Пейзажисты. Главным событием в истории живописи этой эпохи, имевшим решающее влияние на ее судьбы и развитие, было возникновение и успехи пейзажа.
Сначала красотами пейзажа, на которые современникам открыли глаза Ж.-Ж. Руссо и Бернарден де Сен-Пьер, как будто больше заинтересовались литераторы, чем художники. Правда, перелистывая каталоги Салонов, с удивлением встречаешь в них между 1789 и 1795 годами множество Видов леса в Фонтенебло или Монморанси или Закаты солнца за подписью Брюанде, Казена, Жильона, Дидье-Боге и др. В Видах окрестностей Парижа Луи Моро (1740–1806) чувствуется весьма верное понимание природы и очень тонкое умение наблюдать ее, а Жан-Луи Демарн (1744–1829) еще в конце XVIII века писал Большие дороги, Крестьянские и Постоялые дворы, в которых тонко прочувствована прелесть жизненной правды, нега золотистого света на убогих строениях. Но классицизм подавлял, как только мог, эти едва зародившиеся тенденции. «Я ничего не говорю вам о пейзаже, — презрительно писал в III году Республики автор Критических и философских писем о Салоне. — Это — род живописи, о котором не стоит толковать». Появился даже пейзажист, ученик Жозефа Берне, Валансьен (1750–1818), выпустивший в VIII году Республики Начала практической перспективы для художников, с приложением рассуждений и советов, касающихся пейзажного рода живописи; здесь сам Клод Лоррэн обвинялся в том, что «слишком многим пожертвовал для пейзажа» и «не умел действовать на воображение». Искусство живописи заключает в себе лишь один род ее, а именно — исторический; пейзаж имеет право на существование лишь в той мере, в какой он может быть подспорьем этому высшему и единственному роду — вот учение, провозглашенное школой, и вот откуда возник «исторический пейзаж», который был по отношению к пейзажу Пуссэна тем же, чем классическая трагедия времени Реставрации по отношению к трагедии Расина.
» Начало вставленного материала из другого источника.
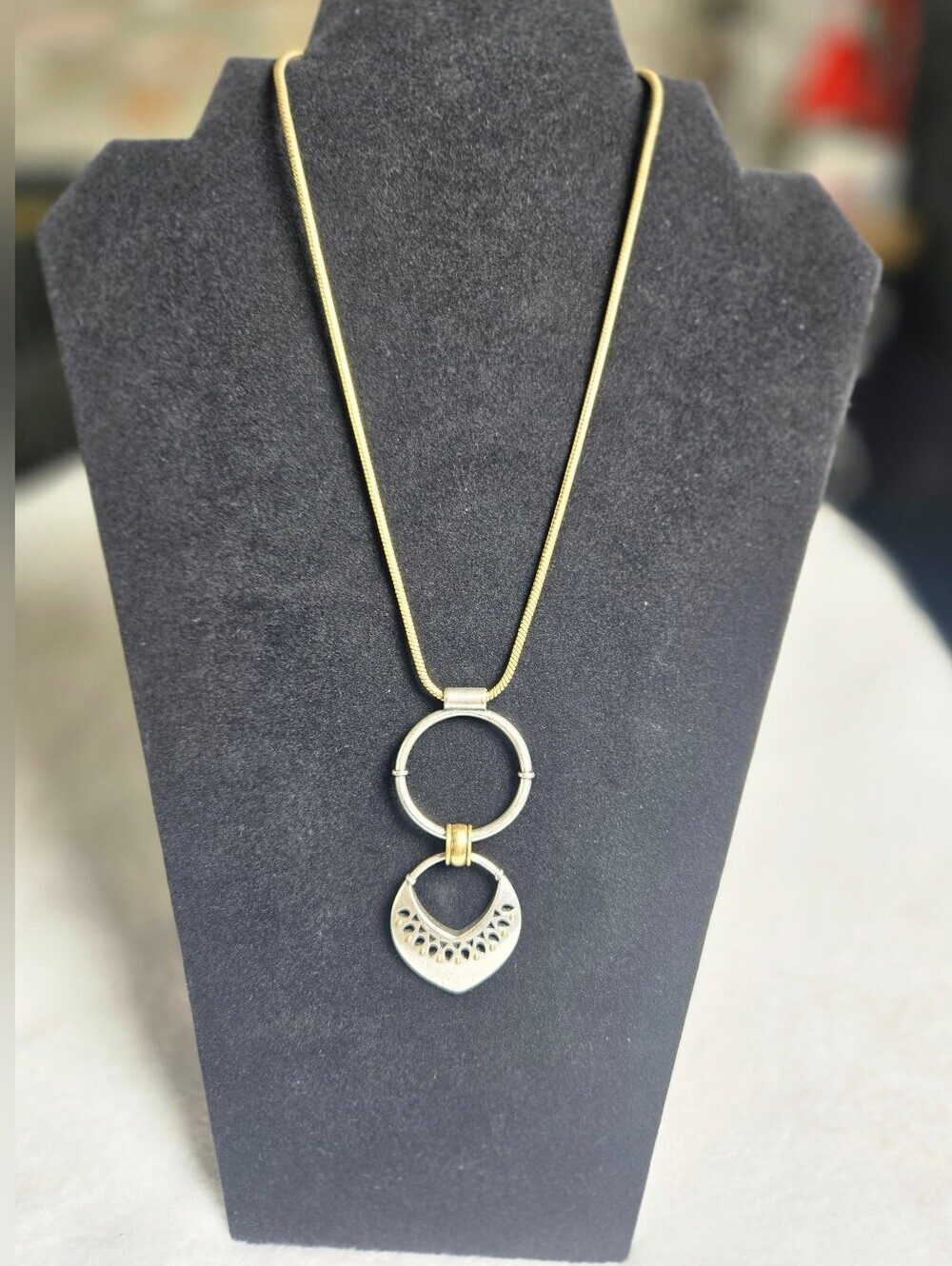 LUCKY  Adj Two Tone Chain Pendant Necklace w/ Drop Silver Accents MUST SEE GUC - Picture 4 of 13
Между тем не кто иной, как ученики Валансьена, Виктор Бертэн (1775–1842) и Ксавье Бидо (1758–1846), установили в 1816 году премию за исторические пейзажи, руководили мастерскими, управляли училищем, составляли жюри; против учеников Валансьена и разразился бунт, давший начало современному пейзажу. К этому надо добавить, что нередко, по счастливой непоследовательности, ученики-«классики» и даже их учителя, оказавшись перед лицом природы, отдавались искренним порывам, о которых свидетельствуют если не их большие «композиции», то их «этюды». О Мишаллоне (Ашиль-Этна, 1796–1822), друге и первом учителе Коро, нельзя судить только по Смерти Роланда или по Тезею в погоне за Кентавром; он оставил и другие картины, в которых рисунок отличается тонкостью и добросовестной точностью, тон прелестный, светлый и «действительное присутствие» природы дает себя знать с чудодейственной силой. Точно так же и Жюль Куанье (1798–1860), Луи-Этьеня Вателе (1780–1866), сначала водившие в классических долинах Хороводы нимф (анемичных нимф!) и приносившие печальные Жертвы Пану, привезли из своих летних скитаний виды Дофине, Оверни, Вогезов, оставили «исторический» пейзаж ради так называемого «живописного» (подобным иерархическим классификациям придавалось величайшее значение), и хотя природа, отраженная в их картинах, пожалуй, немного прибрана, причесана и «прилизана», все же нельзя не отметить этого знаменательного шага вперед.